Es agosto del 2018. Estoy en clase de matemática. Hace frío, tengo sueño. Sólo veo una pizarra llena de números y una profesora que está tratando de explicar las fracciones a 24 estudiantes de segundo de secundaria que solo parecen estar programadas para mirar a la pizarra. Estoy esperando a que el timbre suene y la clase acabe. De repente tocan la puerta.
La profesora rápidamente dice “chicas abran la puerta”. “Buenos días profesora. En el aula ¿quién ocupa el primer puesto?”, dice una estudiante del último año de secundaria. “Para qué será, para que será”, escuche varias veces de mis compañeras, en un tono parecido al de un niño que espera un chocolate. La profesora responde amablemente “Leonor”, quien de pronto tiene permiso para salir del aula en medio de la clase. En el aula nadie sabía para qué la llamaban.
Después de unas semanas la profesora nos explicó que Leonor había sido seleccionada para ser candidata en una de las listas para las elecciones del municipio escolar, al igual que Isabella, quien ocupaba el segundo puesto.
Cuando la maestra lo dijo, escuché murmullos como: “que chévere”, “ellas ocupan los primeros puestos, por eso les han seleccionado”, “qué bueno por ellas”. Ni yo ni nadie fuimos capaces de decir “yo también quiero formar parte de ello”. Yo me sentía feliz por ellas, pero tenía el rostro y el alma entristecida.
Con una hoja y unos cuantos colores empecé a dibujar flores que se convirtieron en garabatos para disfrazar mi tristeza. Rayaba la hoja como si tuviera la culpa. “¿Por qué no puedo ser parte del municipio escolar? Seguro no tengo la capacidad” pensaba para mis adentros mientras dibujaba. “Cindy, tienes que esforzarte más”, “no eres lo suficientemente inteligente”, “seguro no sabes expresarte en público, por eso no te han elegido”. Era una explosión de pensamientos como si se tratara del fin del mundo. Este hecho fue el detonante para estallar y frustrarme conmigo misma. Una baja nota no lograba derribarme así.

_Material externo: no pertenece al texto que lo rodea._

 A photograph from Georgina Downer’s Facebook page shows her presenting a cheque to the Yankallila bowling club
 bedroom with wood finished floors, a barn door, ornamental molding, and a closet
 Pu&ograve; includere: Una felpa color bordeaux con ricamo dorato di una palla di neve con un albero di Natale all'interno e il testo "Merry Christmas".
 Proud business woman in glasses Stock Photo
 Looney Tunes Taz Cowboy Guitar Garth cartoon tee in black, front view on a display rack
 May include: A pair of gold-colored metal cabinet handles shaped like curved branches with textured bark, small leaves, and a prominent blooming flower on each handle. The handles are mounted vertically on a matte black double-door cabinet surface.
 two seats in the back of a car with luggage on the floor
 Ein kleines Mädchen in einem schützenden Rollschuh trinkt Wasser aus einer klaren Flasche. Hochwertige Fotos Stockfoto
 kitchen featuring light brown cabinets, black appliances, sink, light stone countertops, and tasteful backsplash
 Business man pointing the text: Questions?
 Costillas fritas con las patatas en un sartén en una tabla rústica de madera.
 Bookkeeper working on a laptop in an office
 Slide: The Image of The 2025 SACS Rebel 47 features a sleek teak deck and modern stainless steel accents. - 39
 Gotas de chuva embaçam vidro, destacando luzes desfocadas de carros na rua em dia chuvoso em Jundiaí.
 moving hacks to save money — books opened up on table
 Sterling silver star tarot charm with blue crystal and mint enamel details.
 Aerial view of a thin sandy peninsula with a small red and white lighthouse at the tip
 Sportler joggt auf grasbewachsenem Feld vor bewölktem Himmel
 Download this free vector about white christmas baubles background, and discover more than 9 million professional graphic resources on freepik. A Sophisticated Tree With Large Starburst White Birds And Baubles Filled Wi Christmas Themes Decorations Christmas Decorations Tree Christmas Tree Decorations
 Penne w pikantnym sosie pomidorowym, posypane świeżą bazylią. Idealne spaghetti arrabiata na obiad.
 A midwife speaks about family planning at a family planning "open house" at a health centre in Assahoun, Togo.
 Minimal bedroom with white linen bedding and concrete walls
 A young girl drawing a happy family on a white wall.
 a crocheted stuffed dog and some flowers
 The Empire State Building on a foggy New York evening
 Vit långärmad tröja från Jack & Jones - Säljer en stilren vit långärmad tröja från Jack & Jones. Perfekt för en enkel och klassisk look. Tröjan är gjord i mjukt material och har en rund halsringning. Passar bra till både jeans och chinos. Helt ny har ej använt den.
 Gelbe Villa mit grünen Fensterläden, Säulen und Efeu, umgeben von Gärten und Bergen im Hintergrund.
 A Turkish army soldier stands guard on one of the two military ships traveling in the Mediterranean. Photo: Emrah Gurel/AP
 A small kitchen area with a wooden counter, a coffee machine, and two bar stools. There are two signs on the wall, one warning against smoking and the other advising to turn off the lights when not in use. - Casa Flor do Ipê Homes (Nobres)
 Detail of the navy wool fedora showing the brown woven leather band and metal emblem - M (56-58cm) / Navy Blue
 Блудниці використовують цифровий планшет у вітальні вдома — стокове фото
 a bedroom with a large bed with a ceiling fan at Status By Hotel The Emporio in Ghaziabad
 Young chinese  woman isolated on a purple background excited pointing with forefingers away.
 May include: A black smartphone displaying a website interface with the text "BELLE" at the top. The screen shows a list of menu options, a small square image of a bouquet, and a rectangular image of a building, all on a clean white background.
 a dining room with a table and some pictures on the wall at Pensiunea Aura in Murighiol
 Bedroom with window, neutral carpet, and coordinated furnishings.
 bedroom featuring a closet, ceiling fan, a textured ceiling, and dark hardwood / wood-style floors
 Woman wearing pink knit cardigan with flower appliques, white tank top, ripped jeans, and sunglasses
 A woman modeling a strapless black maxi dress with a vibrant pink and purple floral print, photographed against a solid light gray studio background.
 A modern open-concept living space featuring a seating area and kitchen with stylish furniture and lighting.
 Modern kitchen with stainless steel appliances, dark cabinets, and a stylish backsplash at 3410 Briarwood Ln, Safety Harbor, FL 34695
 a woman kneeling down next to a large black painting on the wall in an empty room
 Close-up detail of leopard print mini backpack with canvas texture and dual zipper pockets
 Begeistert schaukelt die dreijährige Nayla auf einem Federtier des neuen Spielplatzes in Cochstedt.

En ocasiones nos convertimos en espectadoras silenciosas de nuestro caos e inseguridad interna, que llega a explotar en frustración con una misma. Yo he sido espectadora. Me he dejado influenciar a tal punto que solo levantaba la mano para acceder – con mi voto – a que el estudiante denominado como “el inteligente” o “el primer puesto”, nos represente o acceda a importantes oportunidades.
Sabemos que en la mayoría de escuelas este tema es notorio, por ejemplo: en muchos lugares para ser brigadier del aula tienes que cumplir algunos “requisitos”, siendo el más esencial tener buenas calificaciones, y por ende estar en los primeros puestos. Normalizamos situaciones como estas, ya que damos por aceptado que los niños que no tienen buenas calificaciones, los que no ocupan los primeros puestos o los que son traviesos en el aula, no pueden aprovechar oportunidades como estas porque no cumplen con las expectativas.
Admiro el trabajo arduo de nuestros primeros puestos para llegar ahí. ¿Pero por qué el estudiante que ocupa el último lugar académico no podría acceder a estas oportunidades? Y más aún ¿Por qué tenemos que determinar a un estudiante solo por el puesto que ocupa? ¿Acaso el aprender es una competencia por los puestos?
Quizás esta historia y estas preguntas ayuden a iluminar esa frustración que sentimos algunos estudiantes; reflejen las veces en que somos espectadores silenciosos de lo que pasa a nuestro alrededor, como no expresamos nuestra voz. Y lo más relevante, cómo perdemos, innecesariamente, nuestra autoconfianza.